Correlation analyses between grain yield and drought tolerance indices showed that MP, HMP, GMP and the stress tolerance index STI: (1) had the most significant positive correlations with yield and (2) are the most appropriate criteria for the detection of drought-tolerant genotypes in both experiments. Different researches have indicated MP, GMP and STI are the most suitable criteria for identification of tolerant wheat genotypes (Nouri et al. 2011; Farooq et al. 2014; Chaichi et al. 2019; Poudel et al. 2021). Although correlation coefficients between morphological and agronomic traits are useful in determining the contribution of each yield component to the final yield, simple correlation coefficients do not explain the nature of the traits in general (Albayrak and Tongel 2006). Accordingly, path analysis was suggested by Pearl and Mackenzie (2018) as a direct method of causal inference techniques, used by some researchers in wheat. In the study of traits related to yield, path analysis is used to investigate the effects of traits on yield and the relationship between traits. By using path analysis, it is possible to analyze yield correlation with its components and determine the direct and indirect effects (Ali and Shakor 2012; Tsenov et al. 2021).

Taheri et al. (2011) showed a positive and direct correlation between stress tolerance indices with grain yield, biomass and harvest indices in normal conditions. In stress condition, the significant relationship between stress tolerance indices and awn length, spike length and plant height was observed. The results of path analysis indicated that in all moisture conditions, the most direct effect on stress tolerance indices was related to grain yield. Although yield is commonly used as the main selection index under drought stress, the use of selection indices is more effective than direct selection for grain yield alone. When the selection is based on two or more traits, the relative efficiency will be greater than the independent use of each trait. However, the disadvantage of using indices is that a control/irrigated trial is also required besides the naturally stressed trial. This means the double of work/input. Therefore, this selection strategy is unsuitable for early generation (still segregating) testing but only suitable for advanced breeding lines, which were already selected for other agronomic/quality/resistance traits (Feng et al. 2018).

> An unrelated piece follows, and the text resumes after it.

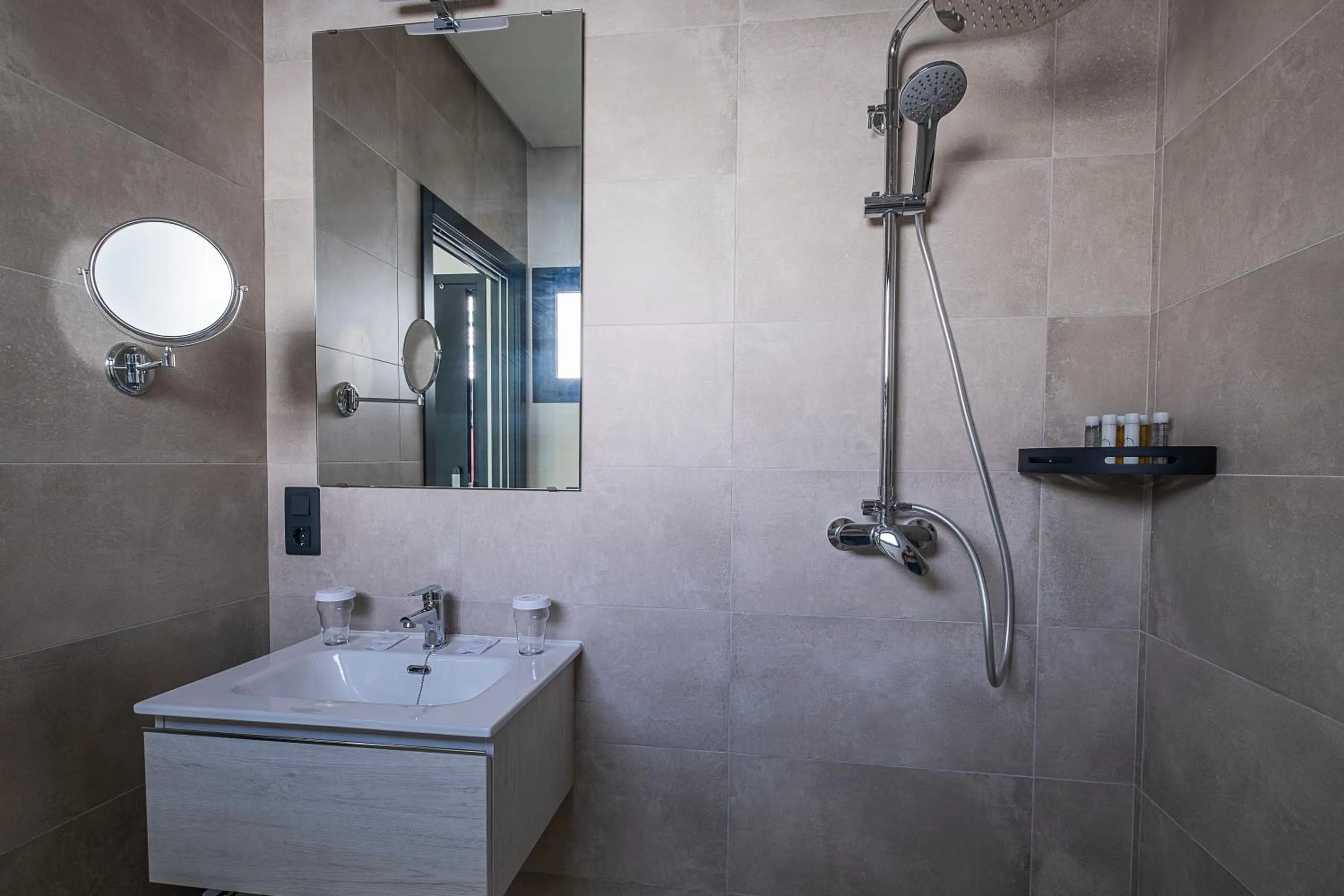 Bathroom in ON The Residence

The obtained indices and correlation coefficients were highly and positively correlated indicating that it is possible to use such values with high reliability for the proper investigation of wheat responses under drought stress. This is especially important for a sustainable high wheat production under drought conditions (Rahimi et al. 2019).

Similar to the results of other researchers, our study indicated that (1) the indices including geometric mean productivity (GMP) and stress tolerance (STI) are best suitable to identify drought-tolerant wheat genotypes, (2) the most tolerant wheat genotypes under drought stress, which can be used for further research in this respect as well as for the higher production of wheat yield under drought stress and (3) the contribution of each yield and growth component to the final yield under non-stress and stress conditions. Such results are of environmental and economic significance for the farmers and breeders. Drought tolerance indices indicated that Darya, Aftab, URBWYT-94-2 and URBWYT-94-4 were the most tolerant genotypes, and URBWYT-94-2 had the highest average grain yield under drought stress. Such genotypes are available in the Iranian germplasm and can be used by breeders and farmers for a higher yield production under drought stress. Such genotypes can also be available to CIMMYT germplasm and be used by breeders and farmers, worldwide.